WHAT THIS TASK INVOLVES:
Every line from the top of the records below through the one containing "We recently launched" must be copied exactly, and the pictures must not be.

═══ EXTRACTED MATERIAL

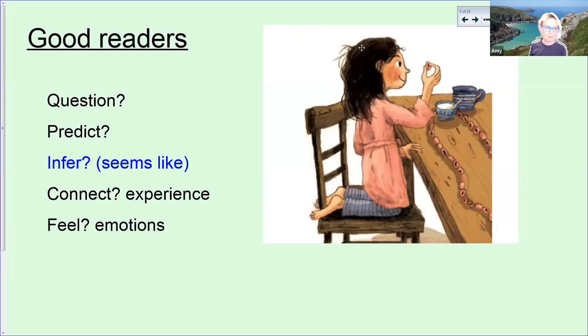Then it was time for a little review of what we looked at last week — what makes a good reader. I was really impressed that some of the children were able to remember the kinds of things that good readers do: they question, predict, infer, connect, and they feel. This is something that as a really good reader you start to do subconsciously. But I think at first, it's important that this is taught so children know what to be aware of when they're reading.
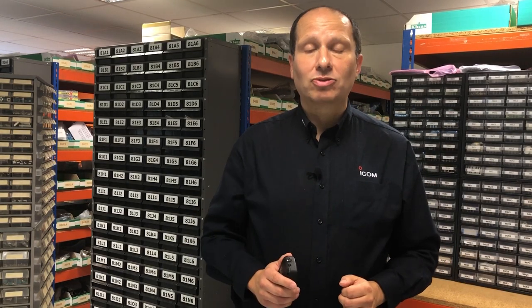We recently launched the IP110H, which is ICOM's latest handset for the IP advanced radio system. It uses your building's IP and wireless LAN network to provide a secure, easy-to-deploy, license-free radio solution for your business or organization.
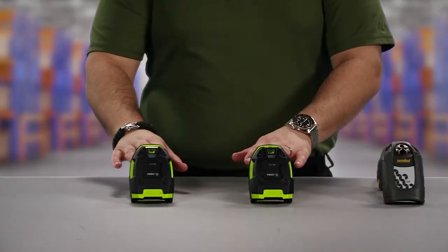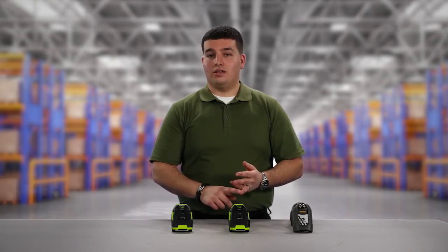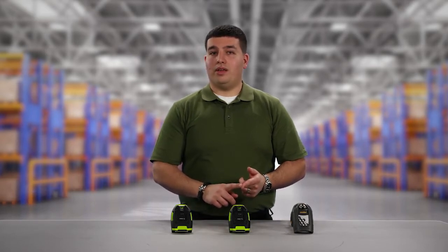Built into these two extended range imagers is unstoppable performance. That includes an eight-foot drop spec, 500 one-meter tumbles, IP65, and the first-ever IP67 sealed scanner, the first-ever IP65 sealed cradle, and the first-ever 3100 milliamp lithium-ion smart battery with battery statistics.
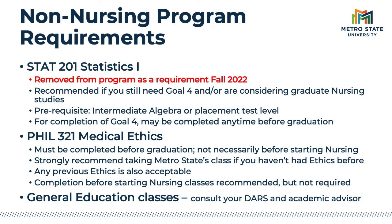I'd like to highlight a few non-nursing courses in the program. Starting Fall 2022, Statistics is no longer required for our program. However, we do recommend Statistics if you still need to complete Minnesota Transfer Curriculum Goal 4 math, or if you may be considering a graduate nursing program in the future, as many of those programs will require statistics for program entry. Sometimes students may need to start at a lower level to build their math foundation before jumping into statistics, especially if they haven't had math for a while. We do have placement testing available to help guide students in figuring out the appropriate place to start on the math pathway.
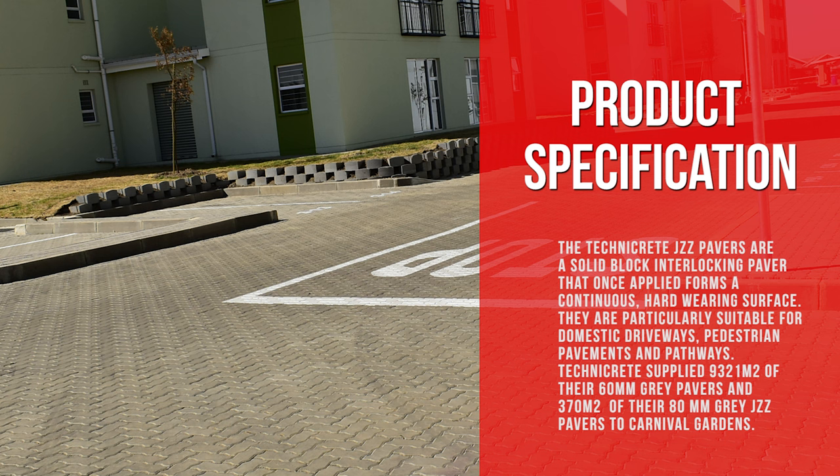It's always a pleasure to join forces with Technicrete. The Technicrete JZZ pavers are a solid block interlocking paver that once applied forms a continuous, hard-wearing surface. They are particularly suitable for domestic driveways, pedestrian pavements, and pathways. Technicrete supplied 9,321 square meters of their 60 mm gray pavers and 370 square meters of their 80 mm gray JZZ pavers to Carnival Gardens.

══════

OUTPUT OF THE EXERCISE:
Then it was time for a little review of what we looked at last week — what makes a good reader. I was really impressed that some of the children were able to remember the kinds of things that good readers do: they question, predict, infer, connect, and they feel. This is something that as a really good reader you start to do subconsciously. But I think at first, it's important that this is taught so children know what to be aware of when they're reading.
We recently launched the IP110H, which is ICOM's latest handset for the IP advanced radio system. It uses your building's IP and wireless LAN network to provide a secure, easy-to-deploy, license-free radio solution for your business or organization.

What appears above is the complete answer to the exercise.